A 20% interest in Sierra-Nevada Multifamily Investments, LLC (Sierra-Nevada), which owns 14 apartment communities with 3,098 apartment homes located in Las Vegas. We are providing property management services to Sierra-Nevada and fees earned for these services totaled $0.2 million and $0.7 million for the three and nine months ended September 30, 2007 and 2006, respectively. At September 30, 2007, Sierra-Nevada had total assets of $132.3 million and third-party secured debt totaling $179.9 million.
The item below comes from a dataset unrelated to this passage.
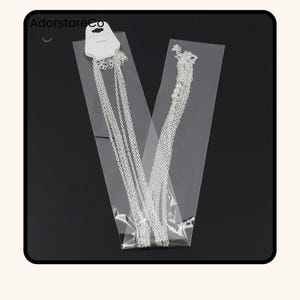May include: Two silver necklaces in clear plastic packaging. One necklace has multiple strands, and the other has a strand of small white beads. The packaging has a white tag with the text "AdorstoreCo".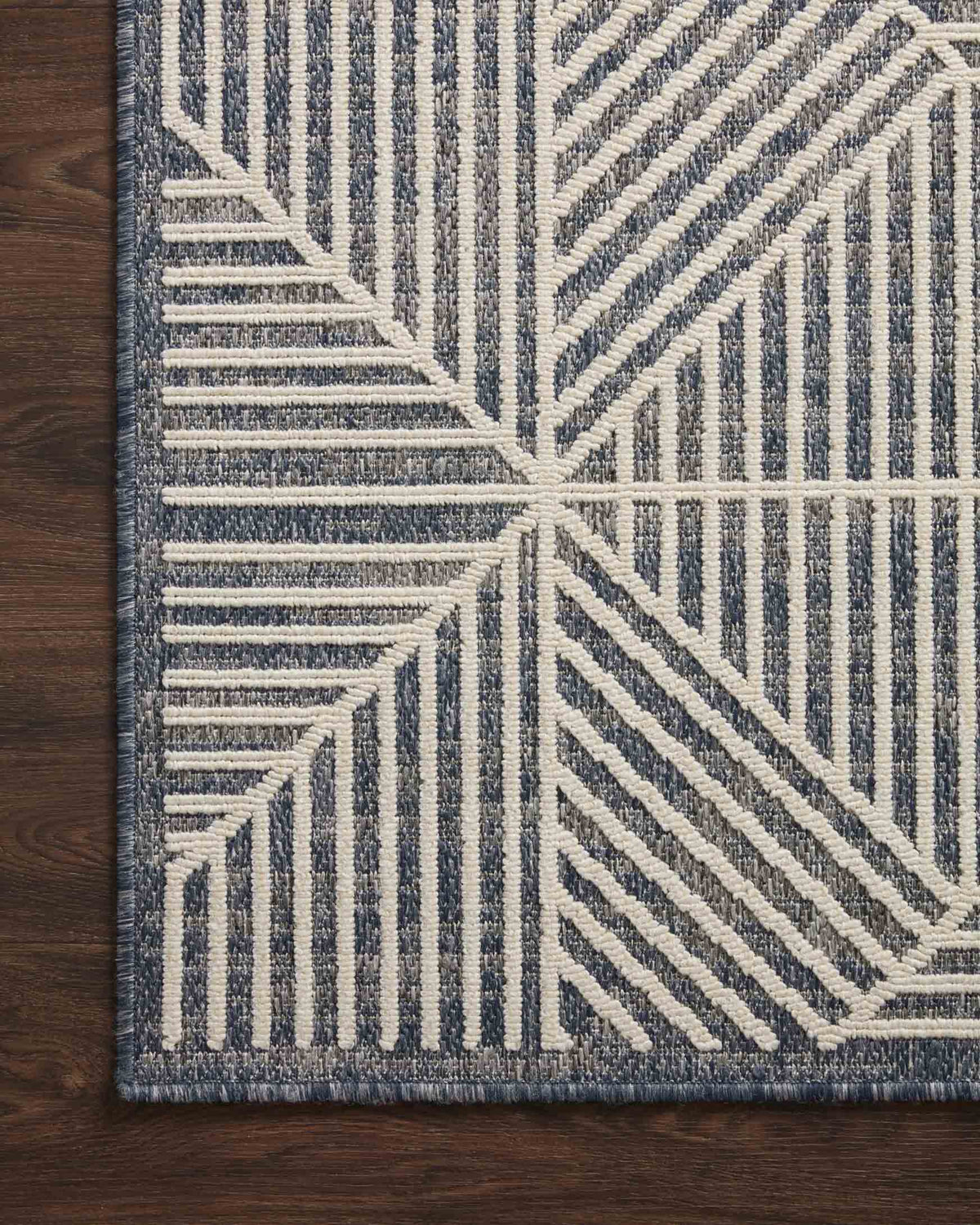 Denim and ivory geometric rug corner with pattern detail on dark wood floor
A 50% interest in Denver West Apartments, LLC (Denver West), which owns Camden Denver West, a 320-apartment home community located in Denver, Colorado. We are providing property management services to Denver West and fees earned for these services totaled $21,000 and $61,000 for the three and nine months ended September 30, 2007, respectively, and $19,000 and $58,000 for the three and nine months ended September 30, 2006, respectively. At September 30, 2007, Denver West had total assets of $22.0 million and third-party secured debt totaling $16.8 million.
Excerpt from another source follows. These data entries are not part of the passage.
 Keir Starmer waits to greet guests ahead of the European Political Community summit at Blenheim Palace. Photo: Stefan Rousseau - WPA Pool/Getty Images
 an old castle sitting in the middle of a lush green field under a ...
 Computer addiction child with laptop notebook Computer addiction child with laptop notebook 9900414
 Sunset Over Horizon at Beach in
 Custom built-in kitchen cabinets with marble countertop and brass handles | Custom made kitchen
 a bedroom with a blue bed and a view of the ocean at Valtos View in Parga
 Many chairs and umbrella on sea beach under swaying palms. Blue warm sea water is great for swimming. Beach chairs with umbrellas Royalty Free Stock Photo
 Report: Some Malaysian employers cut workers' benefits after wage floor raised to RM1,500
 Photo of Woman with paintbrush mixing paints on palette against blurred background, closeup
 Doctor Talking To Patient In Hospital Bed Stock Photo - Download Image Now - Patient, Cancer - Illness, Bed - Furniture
A 30% interest in Camden Plaza, LP to which we sold undeveloped land located in Houston, Texas in January 2006. The joint venture is developing a 271-apartment home community at a total estimated cost of $42.9 million as of September 30, 2007. Construction was completed during the third quarter of 2007 and the property is currently in lease-up. We are providing construction and development services to this joint venture and received fees for such services which totaled $0.1 million and $0.7 million for the three and nine months ended September 30, 2007, respectively, and $0.3 million and $0.7 million for the three and nine months ended September 30, 2006, respectively. Concurrent with this transaction, we provided a $6.4 million mezzanine loan to the joint venture which had a balance of $8.1 million at September 30, 2007, and is reported as Notes receivable affiliates as discussed in Note 7, Notes Receivable. At September 30, 2007, the joint venture had total assets of $41.9 million and had third-party secured debt totaling $30.1 million.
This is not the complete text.